On an Agile or XP project there is generally a Customer's representative on the team, if not the Customer him/herself.

In your situation, Joel, I propose that you are essentially fulfilling the Customer role. You have a clear concept of the problem domain, likely solutions, desired features, etc., etc. No wonder BDUF works for you!
Matt Y. Send private email
Wednesday, August 17, 2005
 
 
I'm a BDUF apostate. I used to be a firm believer, but the simple fact is that my customers don't have the first clue what they really want until they get to play with something that's in the ballpark.
comp.lang.c refugee
Wednesday, August 17, 2005
 
 
I also wouldn't at all consider this spec "big design".  This is a great functional spec.  It essentially has already been broken down into "stories" with priorities on them.  It's not big design, it's knowing what you want.  Big design would be having specified all the classes in the system and how they would interact before you touched any code.  Joel, I think you do agile development without wanting to call it that.  :)

Now, if we can just talk about those horrible coding standards...
John Watson Send private email
Wednesday, August 17, 2005
 
 
"Making this change in the spec took an hour or two." does not maketh a BDUF!

Quote: "There was one big mistake in the spec. When I wrote it I had assumed that port 443, used by the secure (SSL) http protocol,..." would have been a perfect candidate for an XP-like Spike Solution.

Good of Joel to put the specs up for scrutiny but there's nothing there that an XP project wouldn't have. Joel, what's with the XP bashing... are you ashamed that you might be a little bit of an XP-er yourself?
JP
Wednesday, August 17, 2005
 
 
> would have been a perfect candidate for an XP-like Spike Solution.

Spike solutions are far older than XP.
son of parnas
Thursday, August 18, 2005
 
 
Almost everything in XP is older than XP.
JP
Thursday, August 18, 2005
 
 
Unfortunately, Joel doesn't really know what the hell he's talking about re: XP and agile.
Brad Wilson Send private email
Thursday, August 18, 2005
 
 
All good points

(a) Not really big upfront design for the reasons John Watson gave. 

(b) Matt Y is right too, because this is different from many situations I've been in where the customer really isn't sure what they want until they start playing with the system.  In these cases, it's better to take the "Tracer Bullet" approach put forth by the Pragmatic Programmers.

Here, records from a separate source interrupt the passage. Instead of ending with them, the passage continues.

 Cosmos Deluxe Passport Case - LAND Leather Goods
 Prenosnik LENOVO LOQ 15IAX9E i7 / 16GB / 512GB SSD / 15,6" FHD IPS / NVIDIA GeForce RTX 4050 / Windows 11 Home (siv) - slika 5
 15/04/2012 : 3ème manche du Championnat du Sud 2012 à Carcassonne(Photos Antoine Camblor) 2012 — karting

It's different if you can dictate to the customer how something will work or if you already have an accepted framework in place for interaction.

And back to point "a".  Some would consider this big, but I've seen bigger.  Like John, I think this is just spelling how the thing works.  If Agile methodology means running off and writing code before something like this is written,then consider me a BDUF guy too!  (In a lot of my cowoker's minds I AM a BDUF for believing this.)  The sweet spot is to figure out when to stop specifiying and to start coding.

Thanks for making the spec public, Joel.  This is a great learning tool.
Crimson Send private email
Thursday, August 18, 2005
 
 
A 20 page spec for a 3 month project is a great thing!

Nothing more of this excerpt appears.